Selasa, 30 April 2013

Buta Cakil Mewabah di Aneka Panggung


BEGITU banyak karakter dalam dunia wayang yang bisa melukiskan tabiat, watak, dan perilaku anak bangsa ini, apalagi untuk para elitenya. Di antara yang paling banyak mereka mainkan adalah perilaku Cakil. Bagi pandemen wayang, pasti sudah familier dengan sosok Cakil alias Gendir Penjalin itu. Ia kategori yaksa (buta) tapi bertubuh ramping dengan ciri khas, bergigi dan bertaring runcing bergidik. Tokoh ini kreasi pujangga pada zaman Sultan Agung dan tidak dapat ditemui dalam cerita asli Mahabarata.
Cakil sering dipakelirkan sebagai prajurit negeri tanah seberang berpangkat tumenggung.

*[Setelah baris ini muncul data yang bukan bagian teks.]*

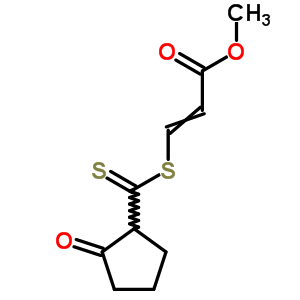 (z)-(9ci)-3-[[(2-氧代環(huán)戊基)硫氧代甲基]硫代]-2-丙酸甲酯結構式_63018-08-6結構式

Ia bermental pemberani, tapi minus perhitungan. Uniknya, tokoh ini hampir selalu muncul dalam lakon apa pun dan perannya sebagai penggoda, pengganggu, dan pengacau. Gaya dan tingkah lakunya provokatif, istilah bahasa Jawa-nya kaya yakyak-a.
Biasanya, Cakil diceritakan sebagai penjaga suatu wilayah berhutan. Ia selalu mencegat dan berkelahi dengan satria yang kebetulan sedang melewati daerah kekuasaannya. Dalam seni pedalangan, pertarungan Cakil dengan satria itu disebut perang kembang.

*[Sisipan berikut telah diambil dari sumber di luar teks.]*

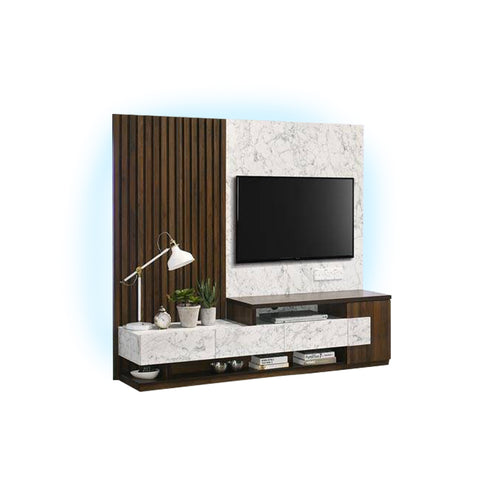 Parah TV Console with Backlight & Outlet Cabinet with Drawers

Dari olah bela diri, keperigelan Cakil memang tidak ada tandingannya.
Tangan dan kakinya sigap melepaskan jurus-jurus pukulan dan tendangan.
Ia juga lihai jungkir-balik, mahir bersalto, serta menggelundung. Dan setiap gerakan, diiringi dengan jeritan dan teriakan. Di tangan dalang wayang kulit yang terampil, Cakil bisa bermetamorfosis layaknya makhluk hidup. Polah tingkahnya menarik dan indah. Gerakannya lentur, trengginas, energik, dan ekspresif.
Namun, di balik semua itu, Cakil sangat rapuh. Bahkan, setiap kemunculannya pasti berakhir dengan kematian, dan itu pun akibat tertusuk senjata (keris)nya sendiri.
Sombong Lantas, apa yang bisa digarisbawahi pada tokoh Cakil? Ditilik dari nilai filosofisnya, Cakil sebenarnya melambangkan sebagian nafsu buruk yang bersemayam pada diri setiap insan. Maka, si ia selalu digambarkan bertarung melawan kebaikan, yang dalam pakeliran disimbolkan dengan satria yang sedang lelana brata (menyepi dalam keprihatinan).
Kemudian, kalau dimaknai secara harfiah, Cakil adalah sosok yang gemblung kumalungkung (sombong), bergajul, merasa pinter, dan waton sulaya (asal beda). Cakil juga bukan tokoh penting.
Selain itu, yang paling pokok Cakil sejatinya tidak memiliki kemampuan apaapa, hanya pandai ngomong.
Semua yang tampak `wah' pada dirinya itu sekadar gaya atau pencitraan. Bahkan ketika ia mati pun, tidak ada pihak yang merasa kehilangan.
Ini persis seperti ungkapan budaya Jawa, aji godhong garing (lebih berharga daun kering/ sampah), maksudnya tidak berharga sama sekali.
Nah, kalau kita memotret kondisi masyarakat saat ini, model yang seperti Cakil itu sesungguhnya ada di mana-mana. Kita amat mudah menemukan `cakil-cakil' di berbagai panggung. Celakanya, tidak sedikit dari kita justru terkagum-kagum, terbuai, bahkan terjebak untuk mengelu-elukan `cakilcakil' itu.
Berbeda dengan satria, simbol kebaikan dan budi luhur--biasanya diperankan tokoh Arjuna atau Abimanyu. Ia divisualkan sebagai sosok yang tenang, santun, dan tidak banyak cakap, tetapi ada keseriusan luar biasa dan fokus dalam bertindak.
Dengan kata lain, satria itu tidak suka gaduh atau heboh.
Tidak perlu gembar-gembor, tetapi bekerja keras dan mencapai hasil. Lebih dari itu, gayanya pun indah serta menawan. Sesungguhnya, watak satria seperti itulah yang kini kian mengering pada banyak diri kita.